Does your dog spend a good deal of the day with his head on a pillow? Thought so. While it may seem excessive, sleeping for long periods is a natural part of the canine lifestyle. Dogs tend to spend 50 percent of the day snoozing, 30 percent awake but lying around, and 20 percent being active.
The amount of zzz’s your dog needs depends on factors such as:
- Age and size
- Breed and activity level
- Life changes
Dog’s Age and Size
On average, dogs spend about 12-to-14 hours of the 24-hour cycle sleeping. Older dogs need significant amounts of sleep simply because, as they age, living becomes more difficult. They tire out more easily and need rest in order to function properly. Puppies, like babies, spend a lot of time exhausting energy while playing and exploring their new surroundings. Because of this, they might need as much as 18-to-20 hours of sleep to recoup! And of course, all dogs need sleep, but it tends to be the bigger breeds that are known for constant dozing.
Breed Activity Level
The amount of sleep dogs need also depends on what they are bred to do. For instance, it’s necessary for working dogs to stay awake because of the physical and mental demands they face each day. Dogs that have tasks to hold their attention will spend most of the day active, dedicated to completing those tasks. Dogs that aren’t bred for a certain purpose and lead more sedentary lifestyles, however, will spend most of the day doing whatever they want (i.e. sleeping).
Life Changes in Your Dog
As is the case for humans, if dogs experience any sudden life changes, they are likely to react. Because dogs adapt so well to their original environments, any shift in their usual experiences may affect them. This might manifest if they experience the death of a companion or a big move, among other major changes. Understandably, dogs may need extra sleep to get their mood and energy level back to normal.

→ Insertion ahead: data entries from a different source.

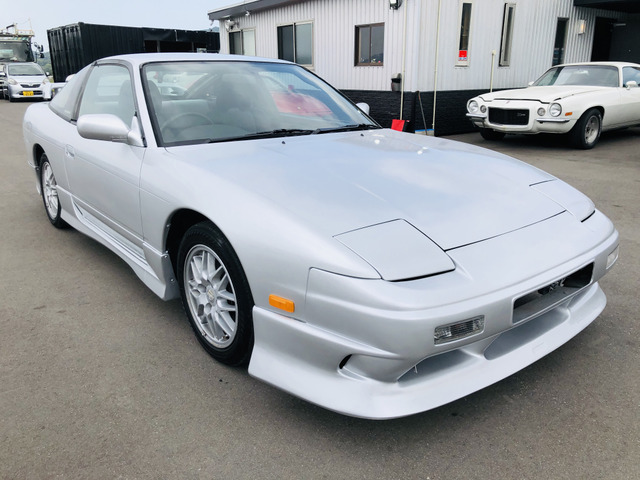 中古車 日産 180sx 2 0 タイプx の中古車詳細 101 100km シルバー 福岡県 230万円 中古車情報 中古車検索なら 車 選びドットコム 車選び Com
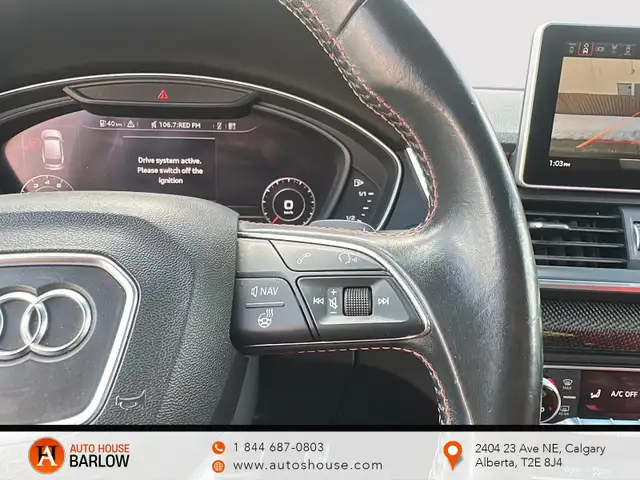 2018 Audi SQ5 TECHNIK 3.0 BAKUP CAMERA  HEATED LEATHER SEATS  SU - Photo 12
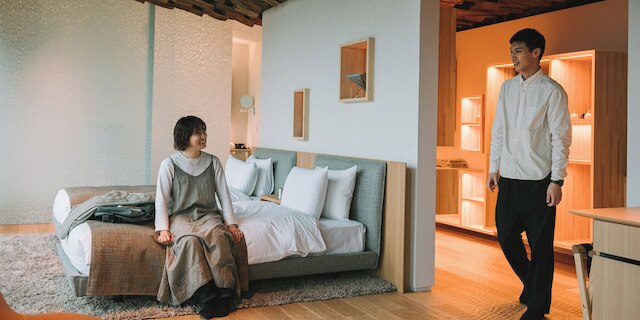 Snow Peak FIELD SUITE SPA HEADQUARTERS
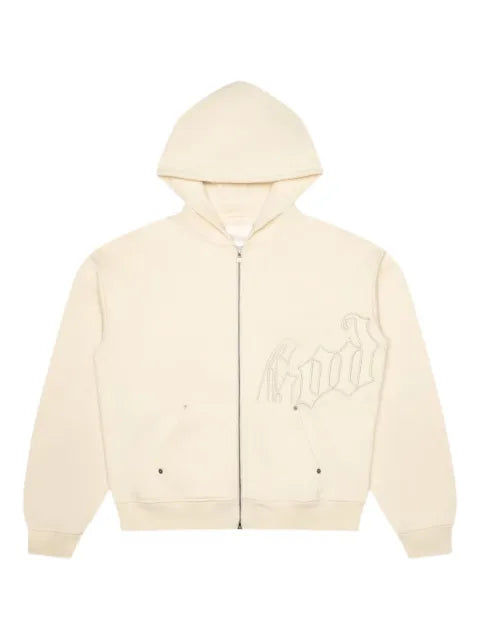 GODSPEED OG logo zip-up hoodie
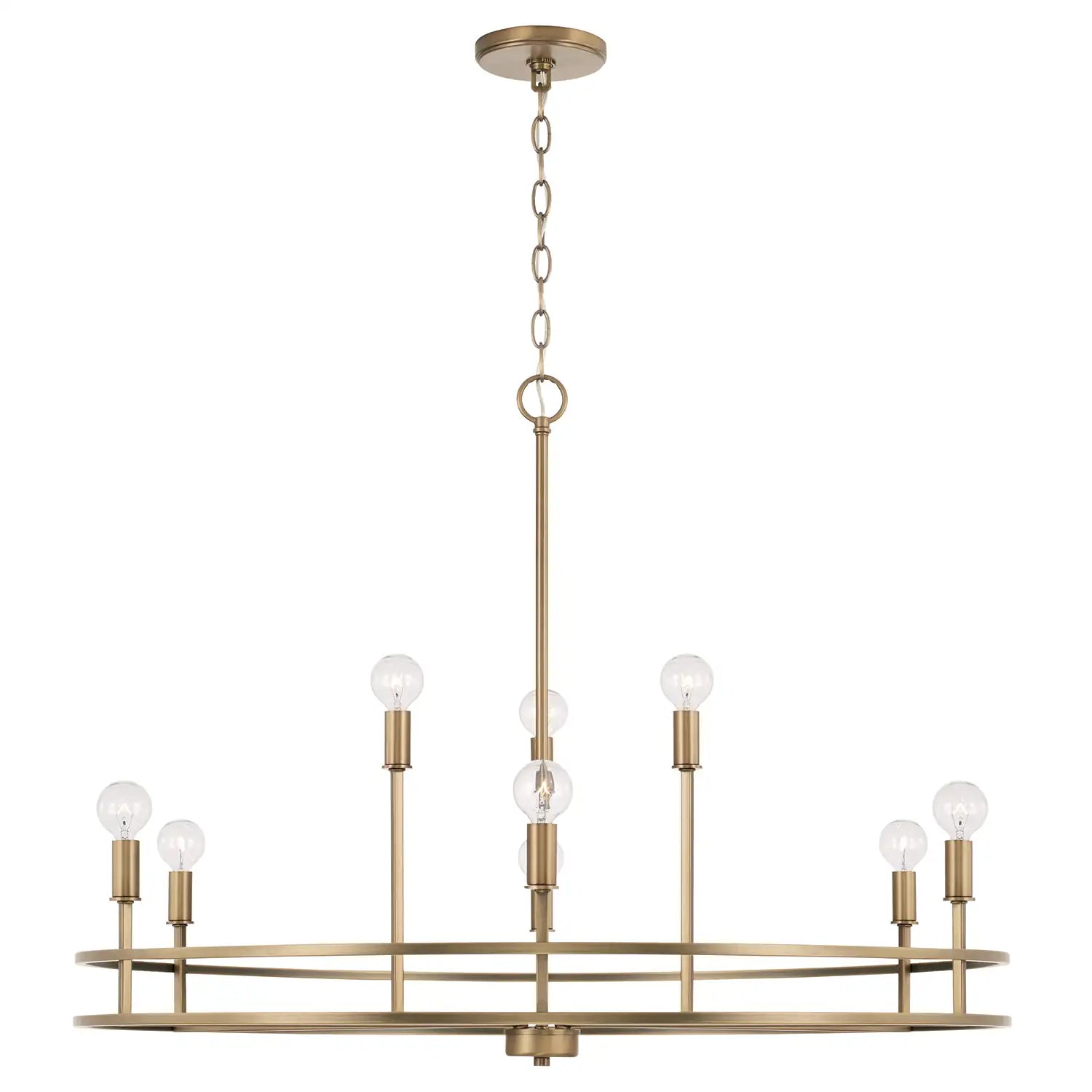 CAPITAL LIGHTING, FULLER CHANDELIER, CHANDELIER LIGHT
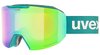 Lyžiarske okuliare Uvex Evidnt ATTRACT Proton Dl/FM Green Orange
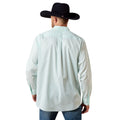 Camisa Ariat Everything Blue Glow Corte Clásico
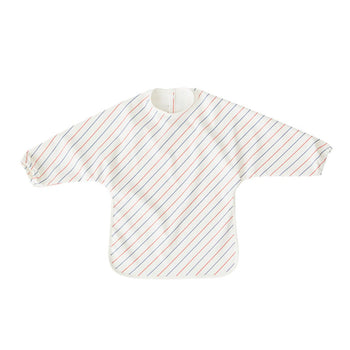 Cape Bib - Striped - Mellow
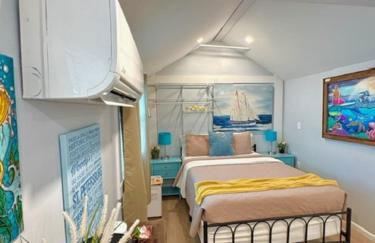 Stylish Studio Walk 2Dtwn Bikes l Patio l Beach - Foto 14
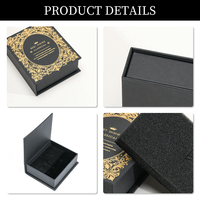 Set di Scatole Regalo Magnetiche a Forma di Libro, Stile Popolare, per Confezioni di Gioielli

Because sleeping is an essential part of dogs’ everyday routines, you shouldn’t be concerned if your dog takes a great liking to the art of snoozing. However, if you find that there is a dramatic change in your dog’s sleeping habits or something seems a little off, you might want to consult your veterinarian. Excessive sleep has been linked to conditions such as canine depression, diabetes, and hypothyroidism.

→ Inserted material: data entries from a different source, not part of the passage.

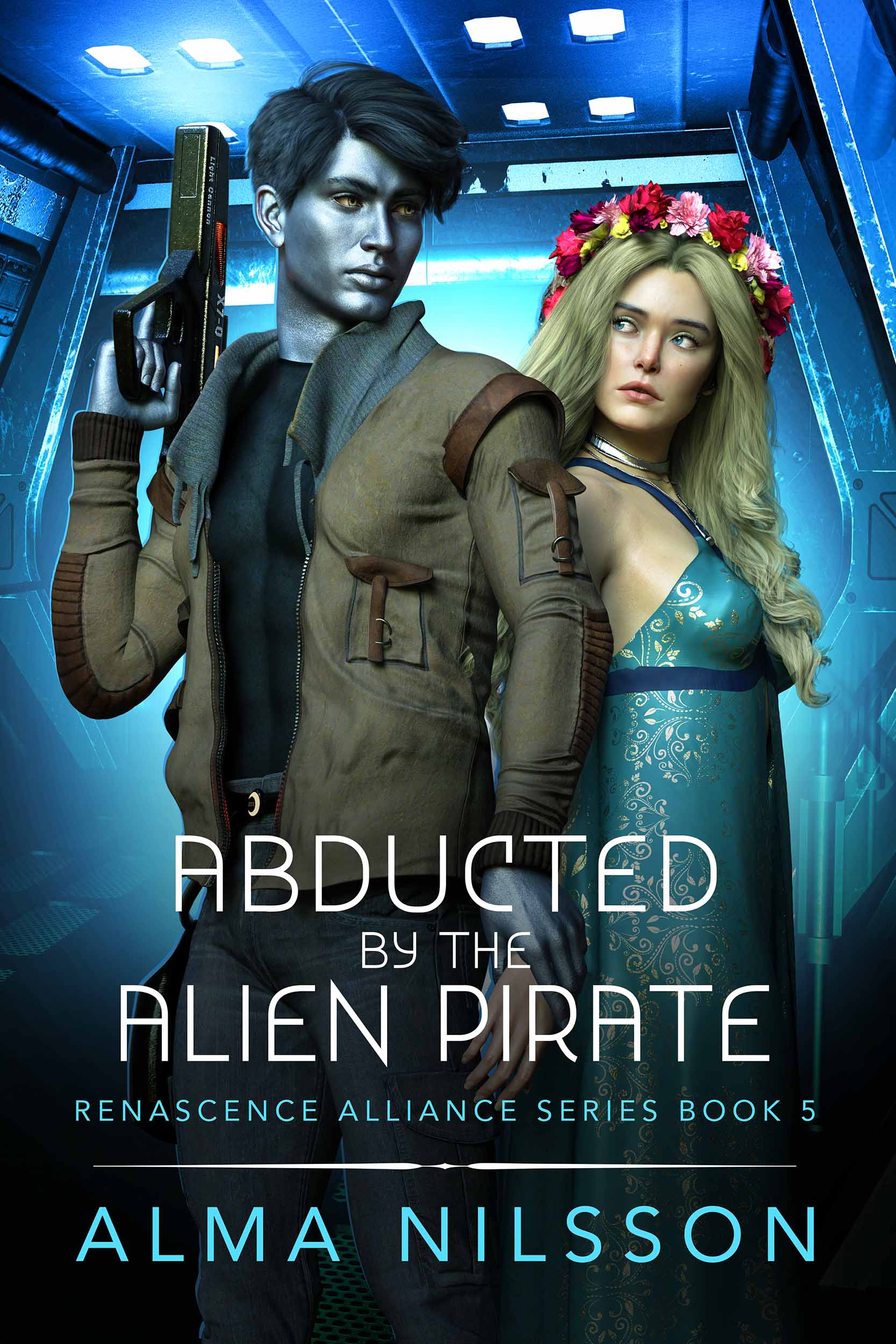 Abducted by the Alien Pirate
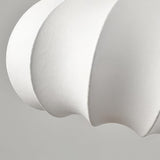 White Onion Pendant Light view 7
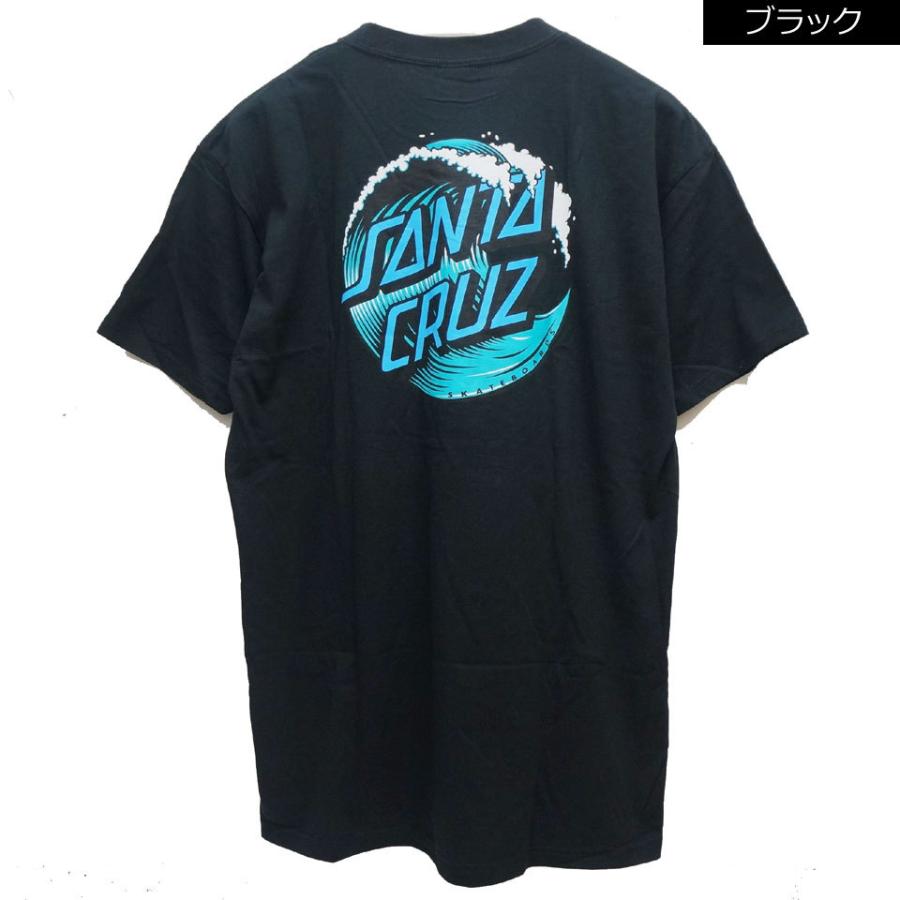 SANTA CRUZ（サンタクルーズ） 全2色 サンタクルズ Tシャツ WAVE DOT S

What are Dogs’ Sleeping Patterns?
Dogs’ sleeping patterns are pretty similar to our own. They start out in the slow wave of sleep, during which breathing slows, blood pressure drops, and heart rate decreases. After about 10 minutes, they enter the rapid eye movement (REM) phase of sleep, when their eyes roll under closed lids, and their body might react to dreams. The main difference between our sleep and theirs is the amount of time spent in this stage.

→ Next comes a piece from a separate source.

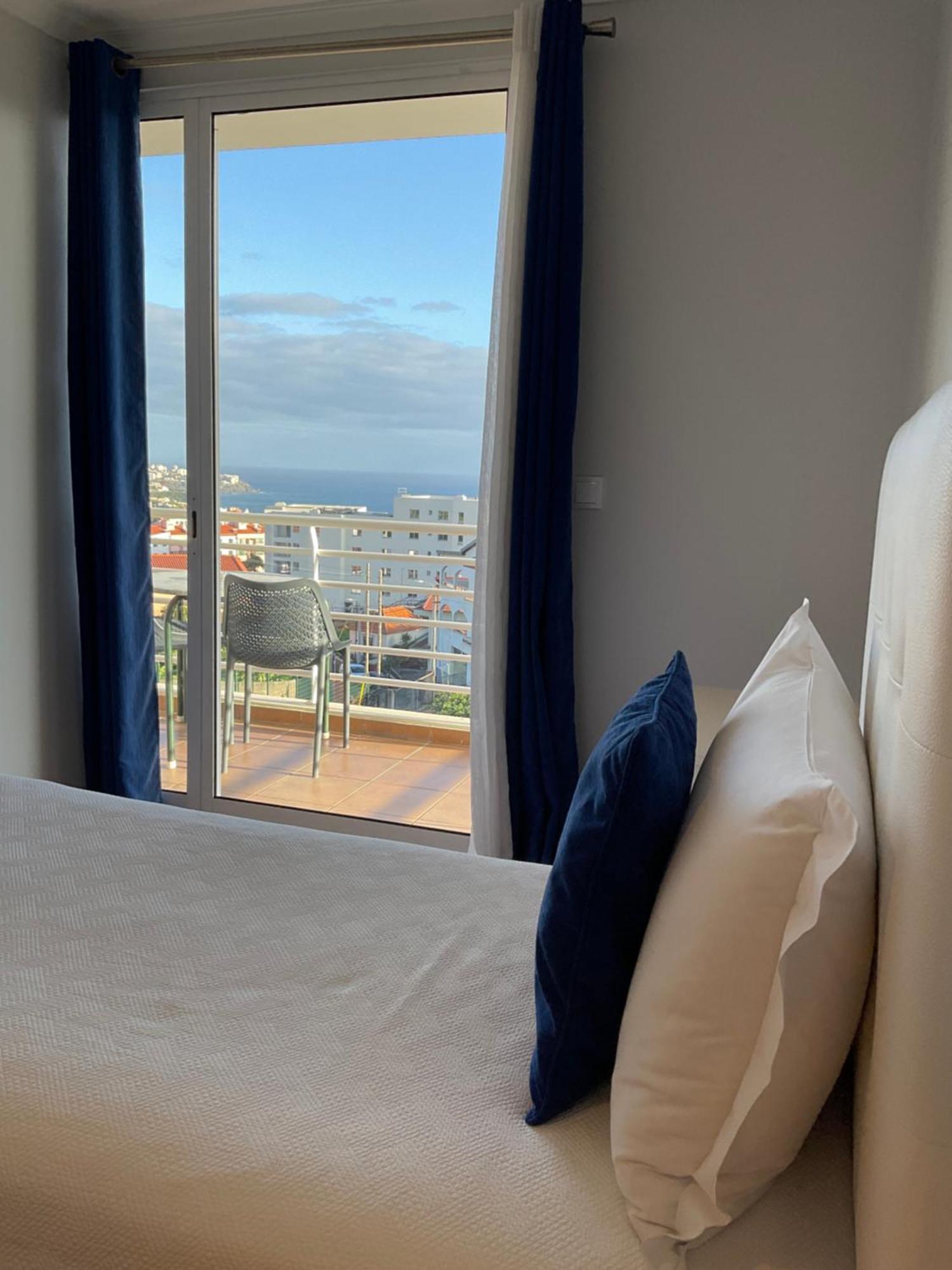 Apartamento Sol & Mar Rancho Câmara de Lobos Exterior foto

Humans, who often stay awake for the whole day and have extended sleep at night, spend up to 25 percent of sleep in REM. Dogs, on the other hand, are only in REM for about 10 percent of their sleep time because of inconsistent sleep schedules. Since they’re flexible sleepers with the ability to fall asleep out of boredom and wake easily and become alert immediately, they end up needing more total sleep to make up for lost REM during their cycles.
Ultimately, many factors contribute to dogs’ excessive sleeping. While it may occasionally be necessary to call attention to this habit, most days your dog probably just wants a nap. And who can blame him?